Comparing Models for Time-Sensitive Structured Extraction

A key aspect of my voice-todos app was to make it snappy: visual feedback is useful only if it’s near instant.
So how do you get close to this <500ms that provides this human-level interaction feeling?
You need to optimize latency at all levels.

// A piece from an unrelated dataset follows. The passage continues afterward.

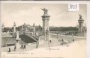 Exposition Paris 1900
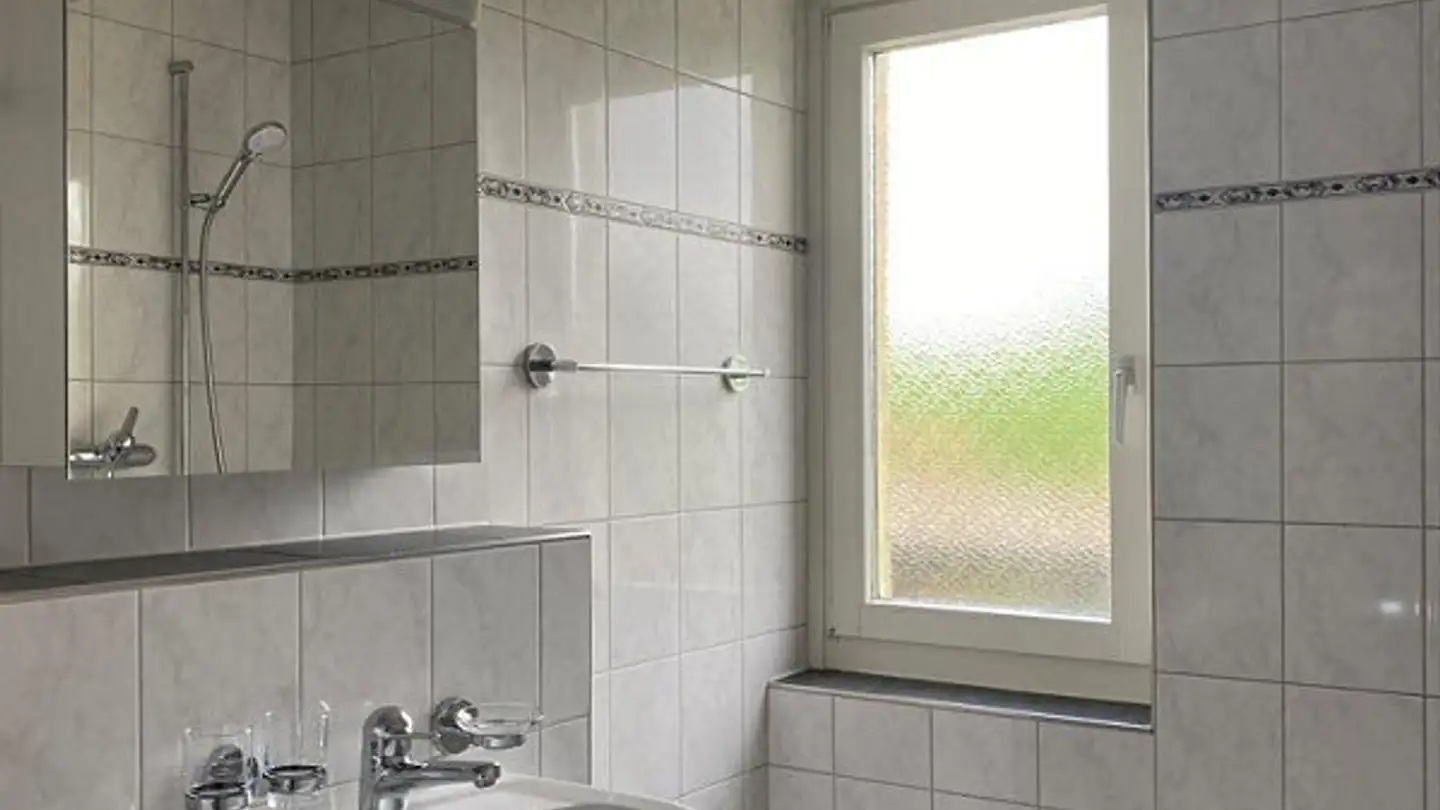 Appartamento in affitto - Bleihollenweg 4, 4242 Laufen - Foto 4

Optimizing LLM extraction time

I built my own, very simple, eval suite, made of 26 cases, to test if LLMs were able to capture some behaviours expected from my voice-todos-app:

Multi-todo extraction.
Over- and under-splitting.
Merge instructions following.
Correction of previous todos.
Cancellation.

Here are the experiments I ran:

Thinking level: for Gemini Flash I tried to change the thinking level for both 3.0 and 3.1. Low thinking was faster in one case, slower in the other.
Smaller models: I tried Mistral Small 4. The hypothesis was that smaller models would be faster proved correct. I also tried even smaller Qwen 3.5 models which branched into further experiments
DeepInfra output tool vs DeepInfra json_schema: output tool fails for smaller model sizes. json_schema has less requirements with regards to the model and achieves better results.
DeepInfra json_schema vs Outlines structured extraction: it’s unclear how DeepInfra implements json_schema. Outlines implements constrained decoding.

The winner was Mistral Small 4: with a perfect score and 0.674s average latency.
Latency is measured over the full case span, including failed runs.

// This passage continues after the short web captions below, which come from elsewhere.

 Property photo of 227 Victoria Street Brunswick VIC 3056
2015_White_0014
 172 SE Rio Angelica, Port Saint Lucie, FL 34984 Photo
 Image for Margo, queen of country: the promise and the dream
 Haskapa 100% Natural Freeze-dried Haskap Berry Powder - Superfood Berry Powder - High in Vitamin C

Setup	Count score	Avg latency	P95 latency
Gemini 3 Flash / default	26/26	3.055s	4.251s
Gemini 3 Flash / minimal thinking	26/26	1.430s	3.420s
Gemini 3.1 Flash-Lite / default	25/26	1.097s	1.841s
Gemini 3.1 Flash-Lite / minimal thinking	25/26	1.314s	2.511s
Mistral Small 4 / default	26/26	0.674s	1.053s
Qwen 3.5 0.8B / DeepInfra output tool	0/26	1.721s	2.141s
Qwen 3.5 2B / DeepInfra output tool	0/26	1.184s	2.500s
Qwen 3.5 4B / DeepInfra output tool	18/26	1.893s	2.667s
Qwen 3.5 9B / DeepInfra output tool	23/26	5.288s	9.805s
Qwen 3.5 0.8B / DeepInfra provider json_schema	13/26	0.552s	1.105s
Qwen 3.5 2B / DeepInfra provider json_schema	21/26	0.684s	1.217s
Qwen 3.5 4B / DeepInfra provider json_schema	19/26	0.934s	1.856s
Qwen 3.5 9B / DeepInfra provider json_schema	23/26	2.713s	5.857s
Qwen 3.5 0.8B / Modal Outlines	14/26	1.513s	5.983s
Qwen 3.5 2B / Modal Outlines	13/26	0.981s	1.341s
Qwen 3.5 4B / Modal Outlines	25/26	2.654s	5.801s
Qwen 3.5 9B / Modal Outlines	22/26	3.285s	6.728s

How Structure Gets Enforced

Structured extraction strategies and layers

There are 2 possible strategies to enforce the structure of an LLM response:

`parse-after-generation`

The provider shows the model a schema or a tool definition.
The model generates a text answer.
The provider parses the response to extract a schema-compliant json object.
The app validates the schema, retries or repairs the result if not ok.

`constrained decoding`

The model is added a constrained decoding library such as Outlines.
The provider shows the model a schema
The library turns the schema into rules that run during token generation
The model generates token as it normally would but the library masks invalid tokens so that only tokens that are schema-compliant may be chosen as an output.